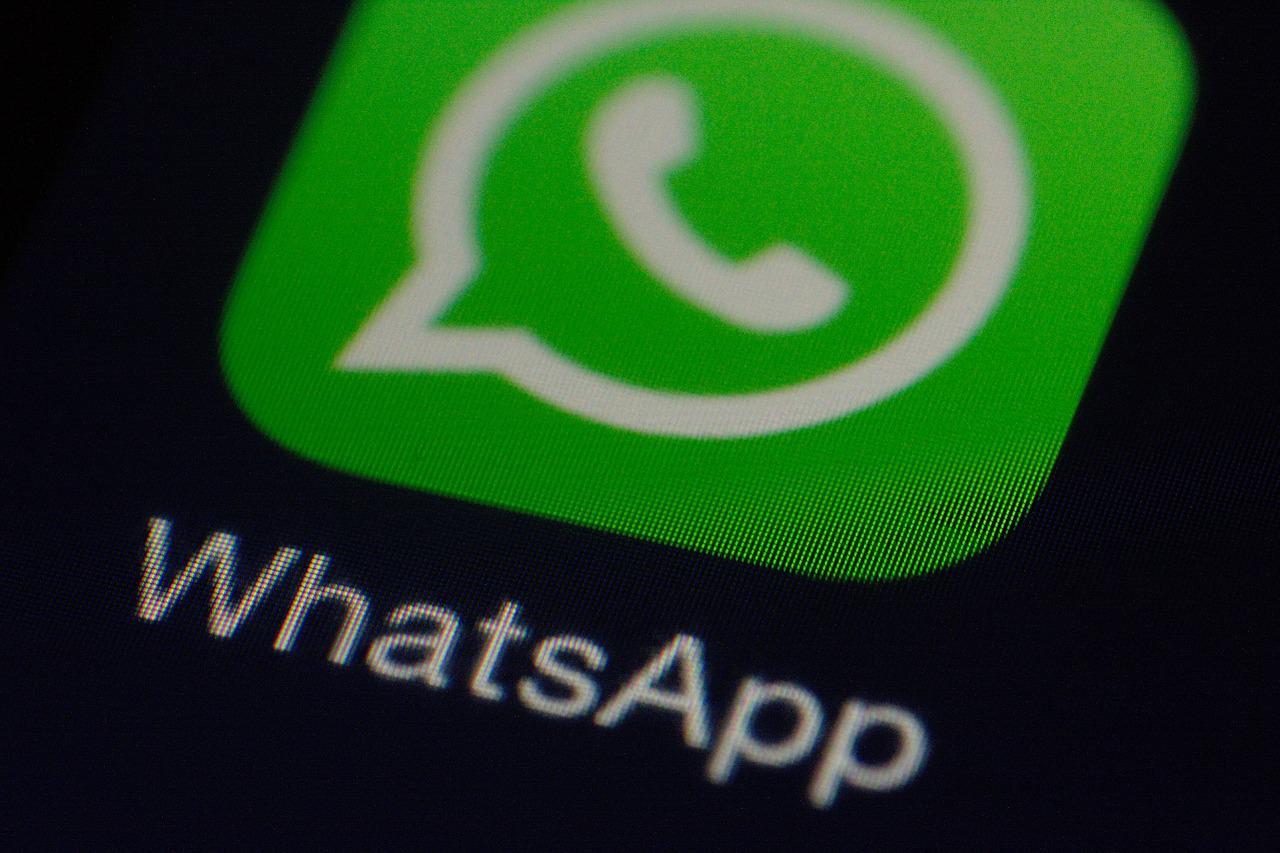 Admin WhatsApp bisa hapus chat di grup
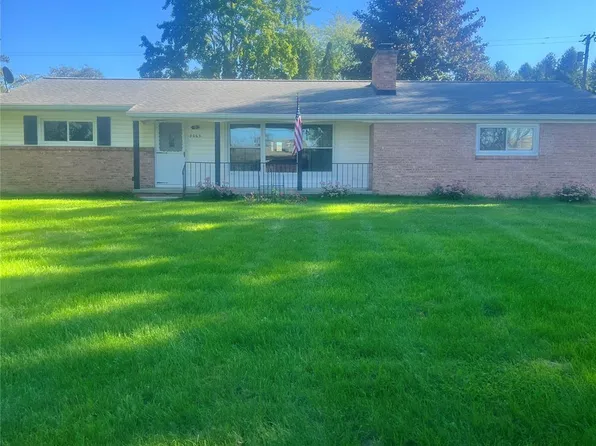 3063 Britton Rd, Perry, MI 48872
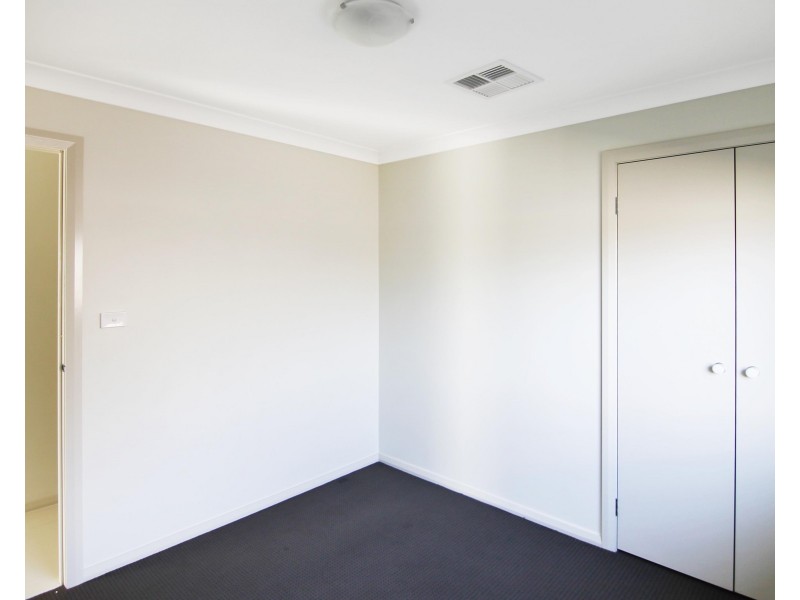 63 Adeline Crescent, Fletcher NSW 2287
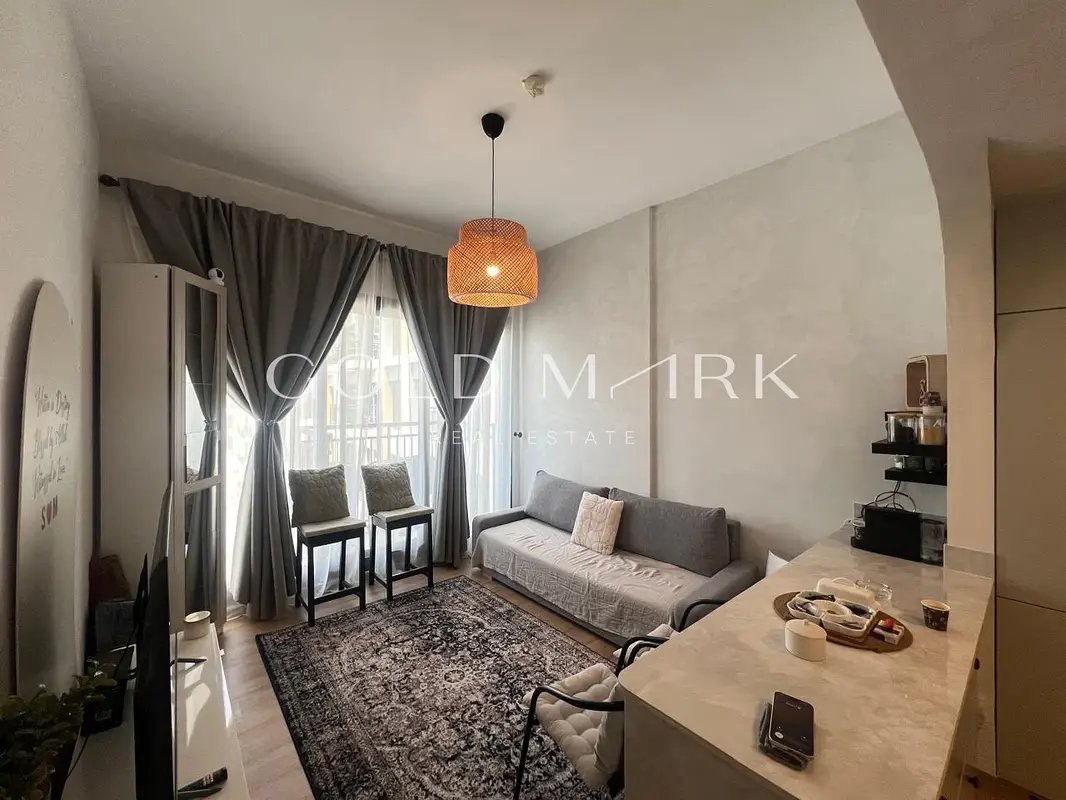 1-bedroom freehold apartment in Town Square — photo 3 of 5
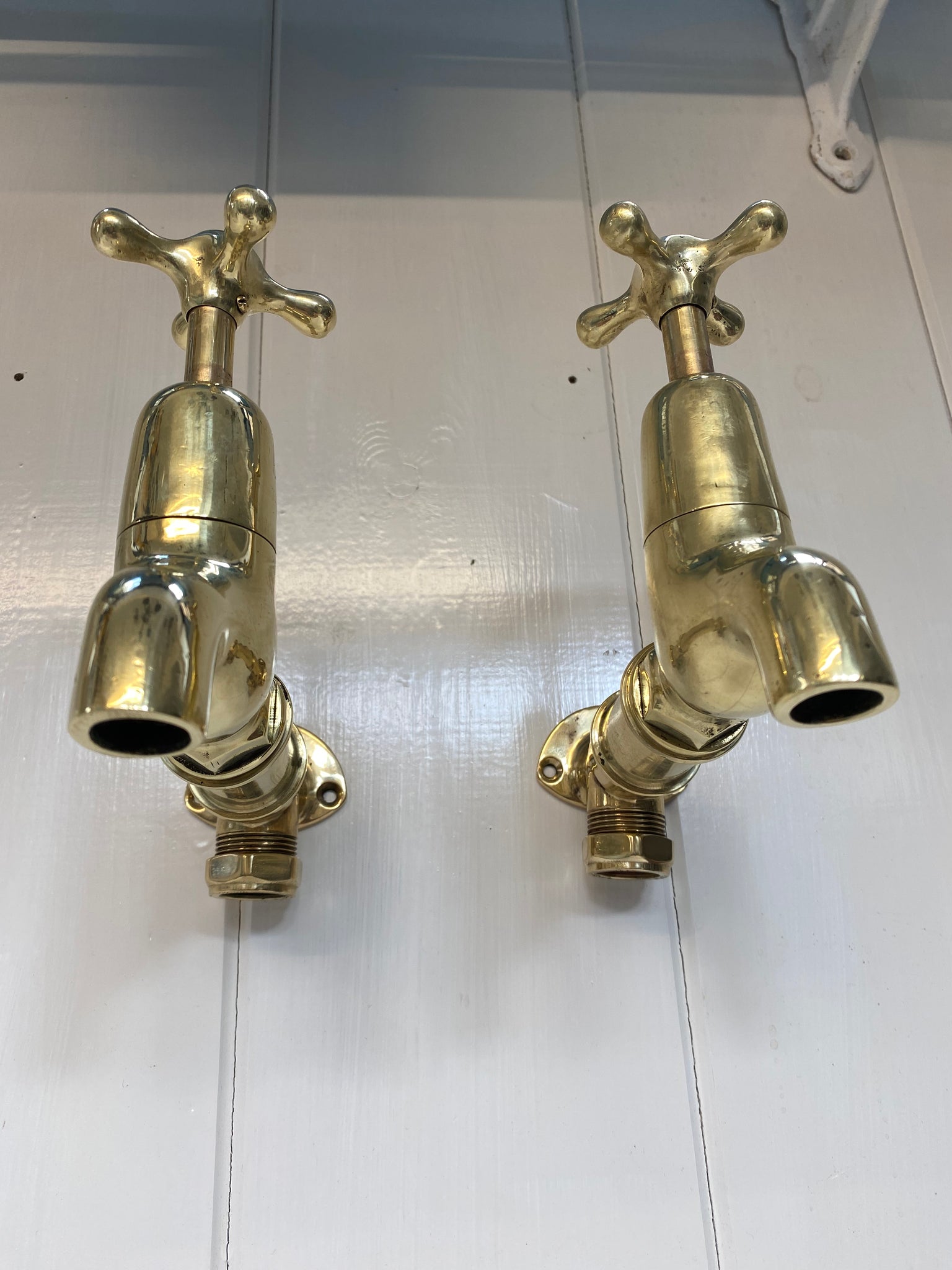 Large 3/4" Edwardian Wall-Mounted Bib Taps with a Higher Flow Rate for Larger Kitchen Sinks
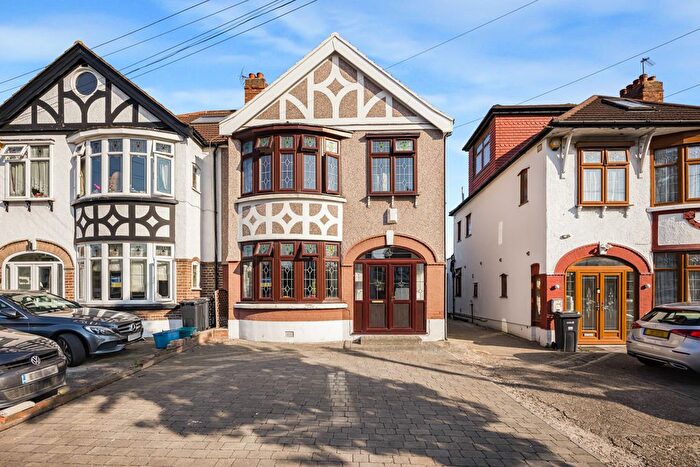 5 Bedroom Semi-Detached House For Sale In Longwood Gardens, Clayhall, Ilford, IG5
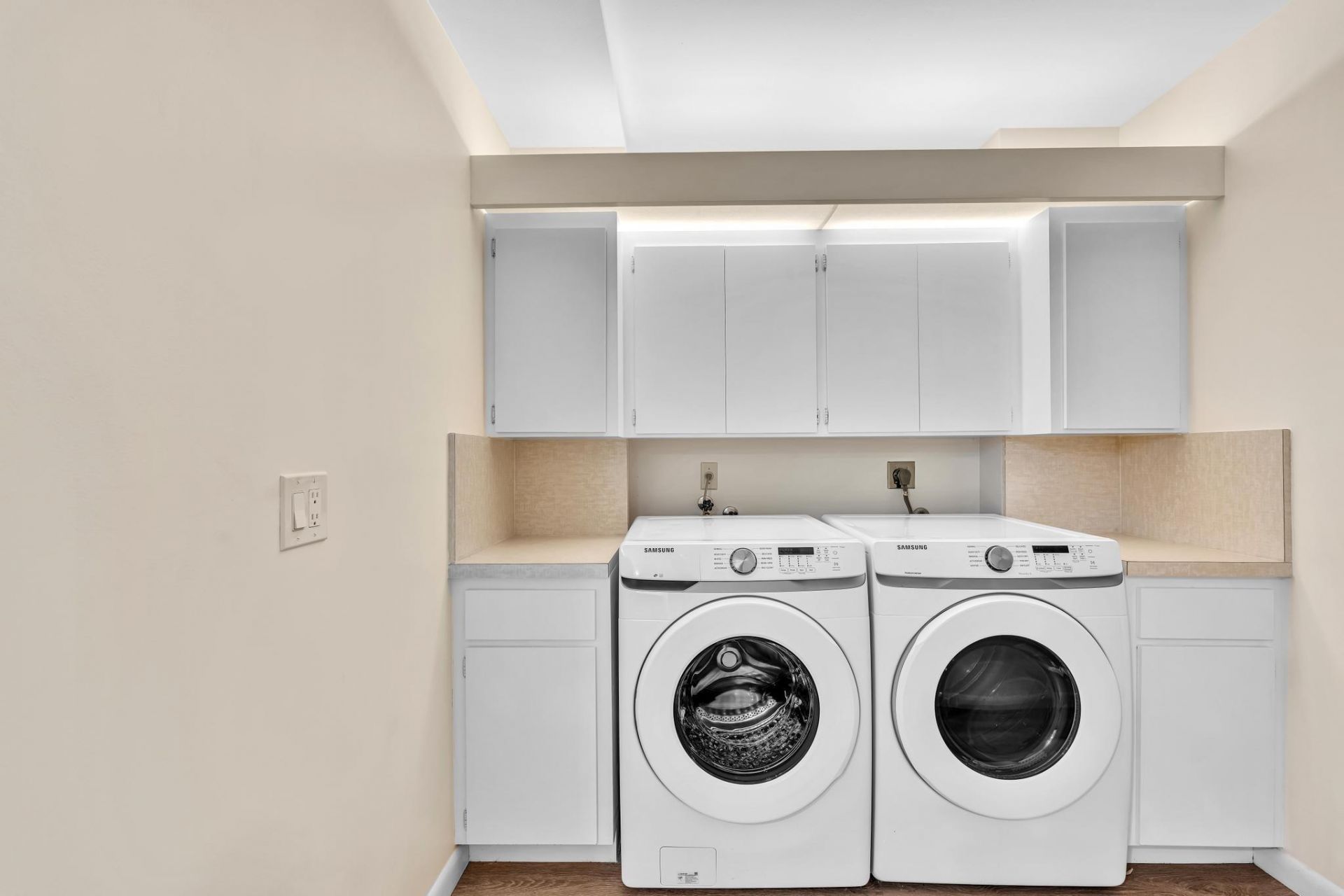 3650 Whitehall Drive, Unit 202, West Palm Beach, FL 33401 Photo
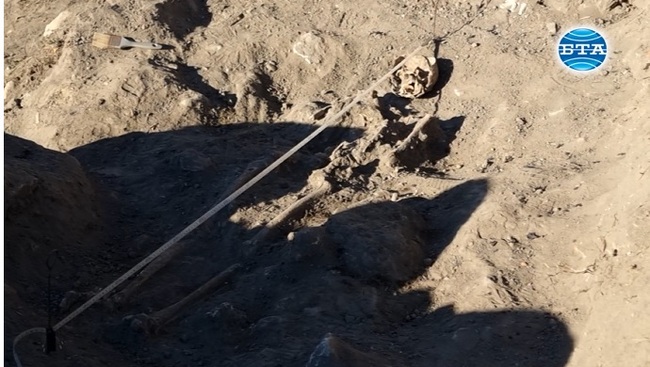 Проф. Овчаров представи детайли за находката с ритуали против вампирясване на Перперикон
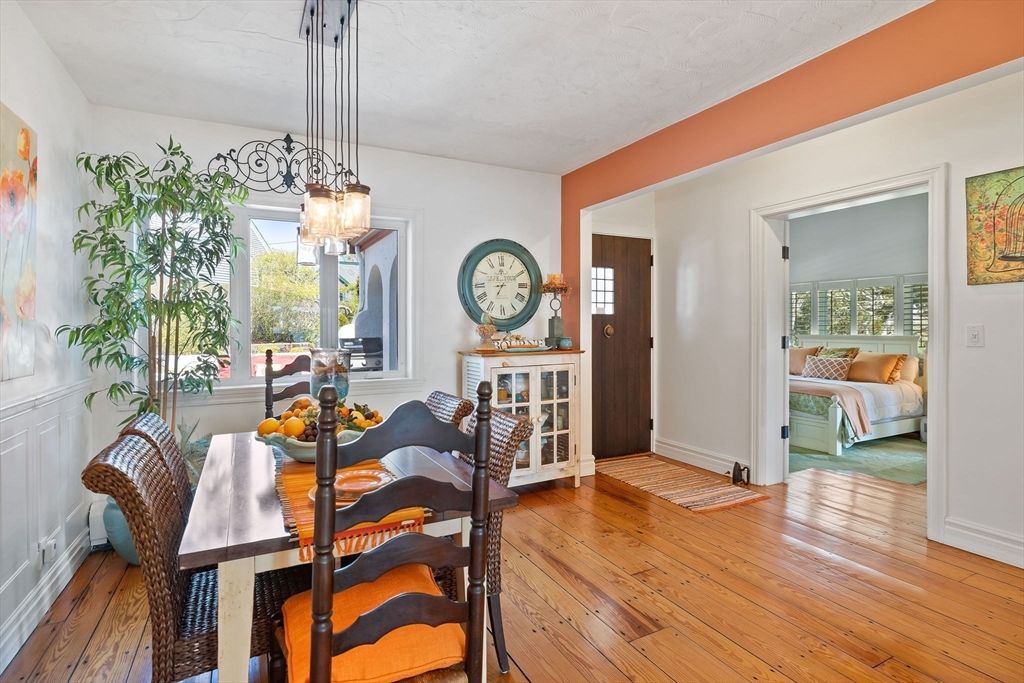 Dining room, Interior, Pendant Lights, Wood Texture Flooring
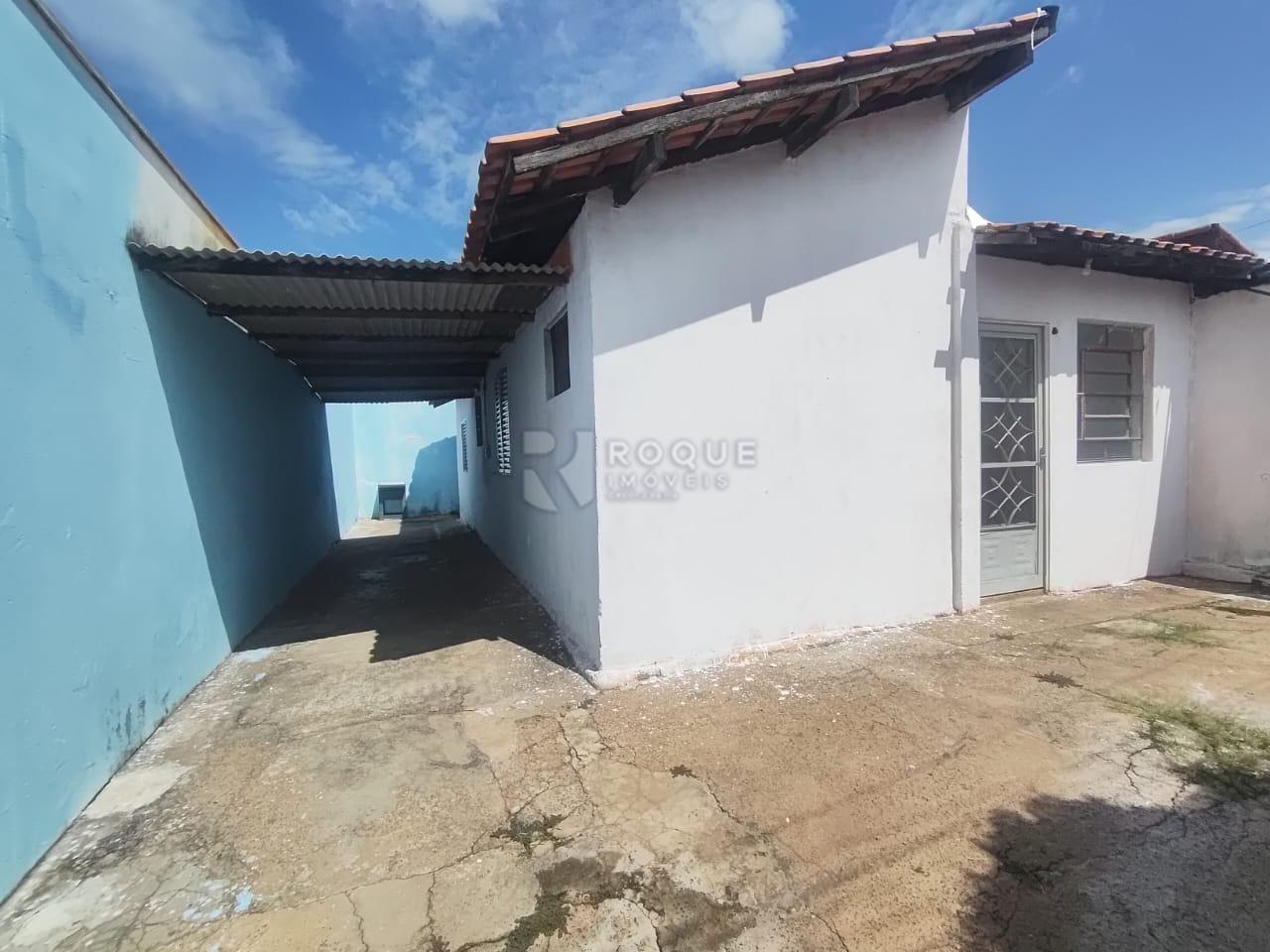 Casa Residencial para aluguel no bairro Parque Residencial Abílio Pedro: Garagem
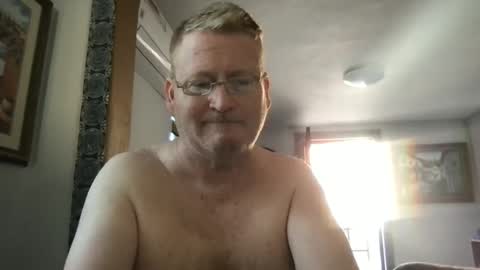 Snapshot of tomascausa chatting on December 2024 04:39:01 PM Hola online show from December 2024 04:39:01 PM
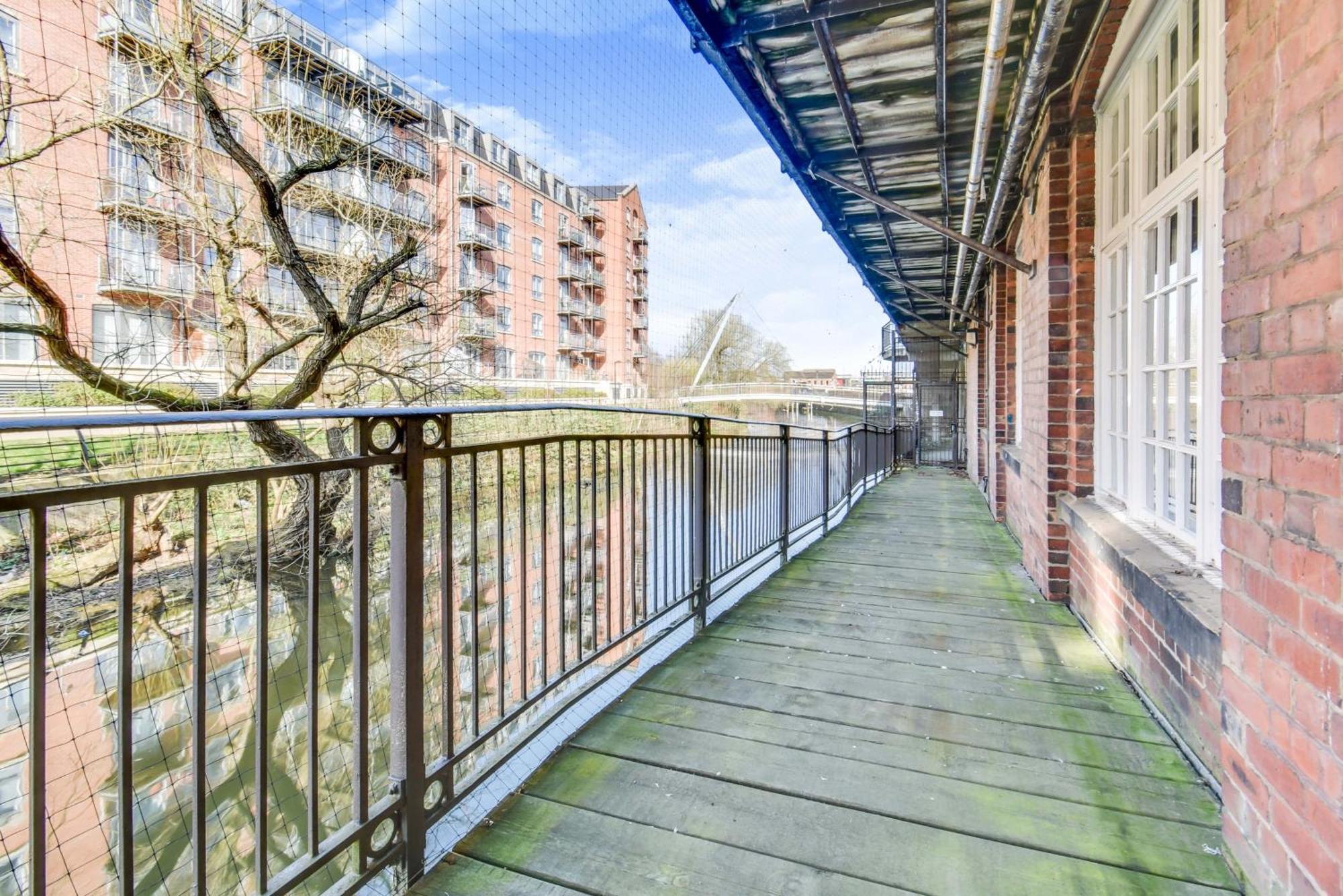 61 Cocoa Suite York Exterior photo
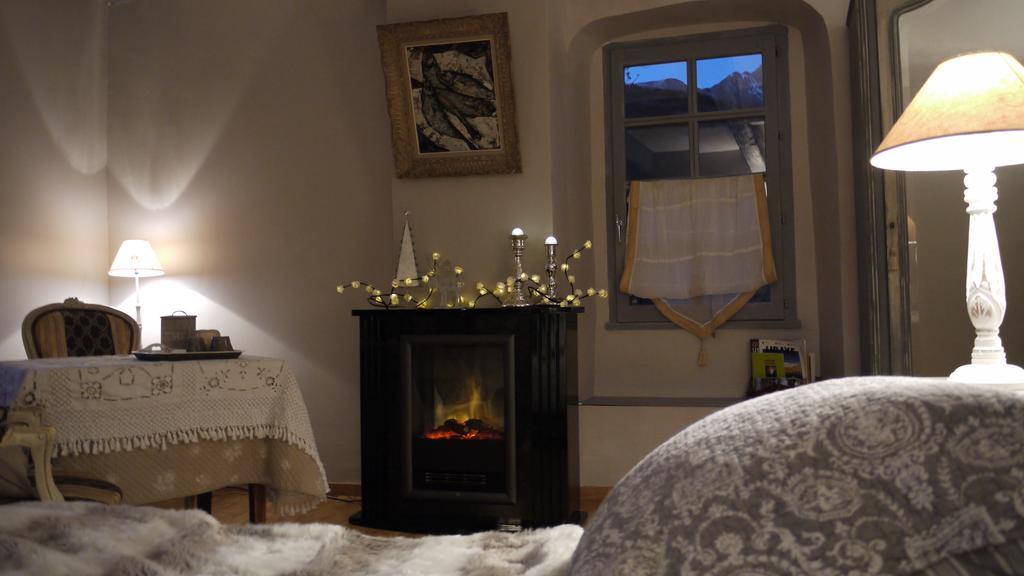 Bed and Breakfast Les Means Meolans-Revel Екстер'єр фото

- INSTRUCTIONS TO FOLLOW -
Each entry above is to be restated exactly, without its images.

- PROBLEM SOLUTION -
 Admin WhatsApp bisa hapus chat di grup
 3063 Britton Rd, Perry, MI 48872
 63 Adeline Crescent, Fletcher NSW 2287
 1-bedroom freehold apartment in Town Square — photo 3 of 5
 Large 3/4" Edwardian Wall-Mounted Bib Taps with a Higher Flow Rate for Larger Kitchen Sinks
 5 Bedroom Semi-Detached House For Sale In Longwood Gardens, Clayhall, Ilford, IG5
 3650 Whitehall Drive, Unit 202, West Palm Beach, FL 33401 Photo
 Проф. Овчаров представи детайли за находката с ритуали против вампирясване на Перперикон
 Dining room, Interior, Pendant Lights, Wood Texture Flooring
 Casa Residencial para aluguel no bairro Parque Residencial Abílio Pedro: Garagem
 Snapshot of tomascausa chatting on December 2024 04:39:01 PM Hola online show from December 2024 04:39:01 PM
 61 Cocoa Suite York Exterior photo
 Bed and Breakfast Les Means Meolans-Revel Екстер'єр фото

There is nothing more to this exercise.